I wish to prove that $h(\zeta_\lambda) \mid \lambda$ or $h(\zeta_\lambda) \mid p$ where $p$ is a rational prime and $p \equiv 1 \bmod \lambda$. I was given the following "preparation" to prove:
Suppose $h(\zeta_\lambda) \mid x+\zeta_\lambda^jy$. Then $h(\zeta_\lambda)\mid N(x+\zeta_\lambda^jy)$, the norm of $x + \zeta_\lambda^jy$. Since $N(x+\zeta_\lambda^jy) \in \Bbb Z$, it has a prime factorisation, and since $h(\zeta_\lambda)$ is a cyclotomic prime, it divides exactly one of these prime factors, so $h(\zeta_\lambda) \mid p$ for some rational prime $p$. Now, $p \nmid y$, since if $p\mid y$ then, as $h(\zeta_\lambda) \mid p$, we have $\zeta_\lambda^jy \equiv 0 \bmod p$ and hence $\zeta_\lambda^j \equiv 0 \bmod h(\zeta_\lambda)$, from which it follows that $x \equiv 0 \bmod h(\zeta_\lambda)$, contradicting the way that $x$ and $y$ were chosen. So $\zeta_\lambda^jy \equiv k \bmod p$ for some $k \in \Bbb Z$. Since $y \neq 0$, it is invertible modulo $p$, so that $\zeta_\lambda^j \equiv k^\prime \bmod p$, and hence $\zeta_\lambda^j \equiv k^\prime \bmod h(\zeta_\lambda)$. Finally, since $\zeta_\lambda$ is conjugate to its powers, we apply the conjugation that sends $\zeta_\lambda^j \mapsto \zeta_\lambda$ and conclude that $\zeta_\lambda \equiv k^\prime \bmod h(\zeta_\lambda)$ for some $k^\prime \in \Bbb Z$.

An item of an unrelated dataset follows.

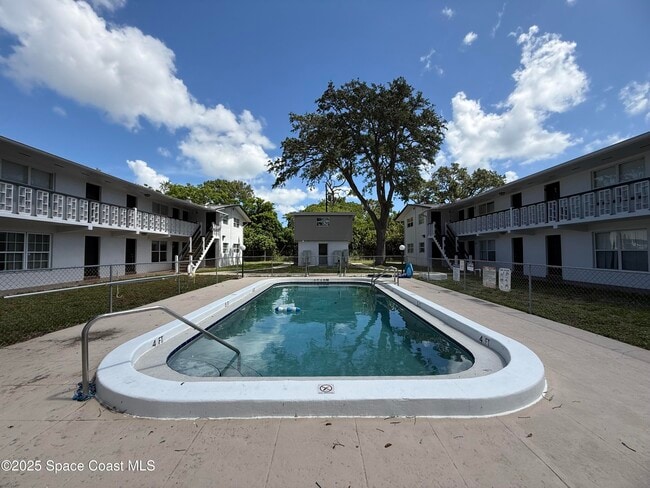 property at 1432 Parkway Dr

I'm struggling to see the relevance of this to the problem statement though. If $k \in \Bbb Z$ is the integer to which $\zeta_\lambda$ is congruent modulo $h(\zeta_\lambda)$ then I guess $$x + \zeta_\lambda^jy \equiv 0 \bmod h(\zeta_\lambda) \iff x + k^jy \equiv 0 \bmod p$$
but again I'm not sure how to develop this idea.

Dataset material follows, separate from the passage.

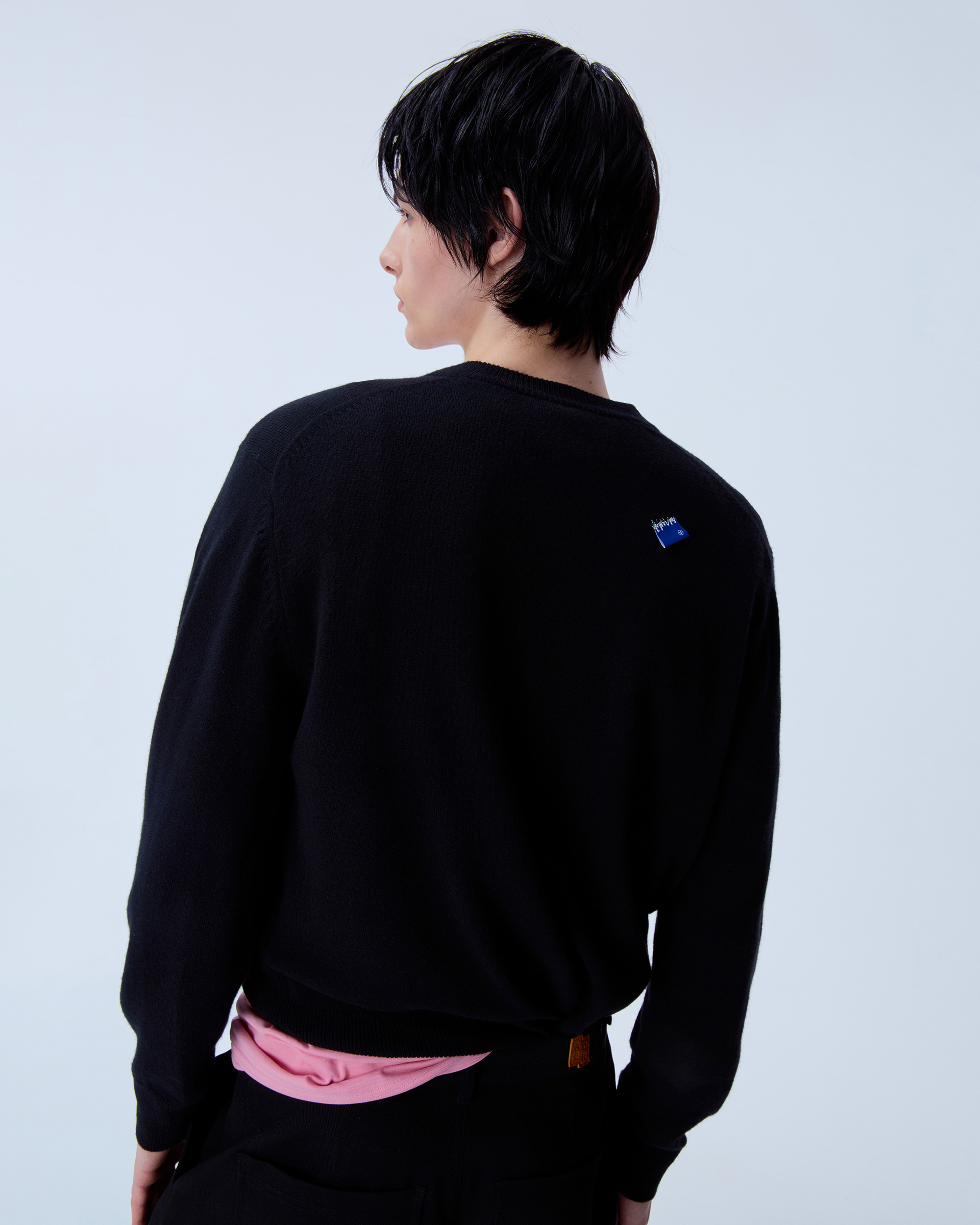 ADERERROR - Sig; BL Tag cardigan 02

$\newcommand{\la}{\lambda}\newcommand{\ze}{\zeta}$Consider the quotient ring $R=\Bbb Z[\la]/(h(\ze))$. As $h(\ze)$ is a prime element it divides a rational prime $p$, and so $R$ is a finite field of characteristic $p$. But $x\equiv -\ze^j y\pmod{h(\ze)}$. This means that $\ze^j\equiv -x/y\pmod p$ (here $1/y$ is a modulo $p$ reciprocal of $y$). Taking $\la$-th powers gives $1\equiv(-x/y)^\la$, so some integer has order $1$ or $\la$ modulo $p$. In the latter case we must have $p\equiv1\pmod\la$. In the former case $-x/y\equiv1\pmod p$, that means that $\zeta\equiv1\pmod{h(\ze)}$. In this case $h(\ze)\mid(\ze-1)$ and as $\ze-1$ has norm $p$, then $\la=p$.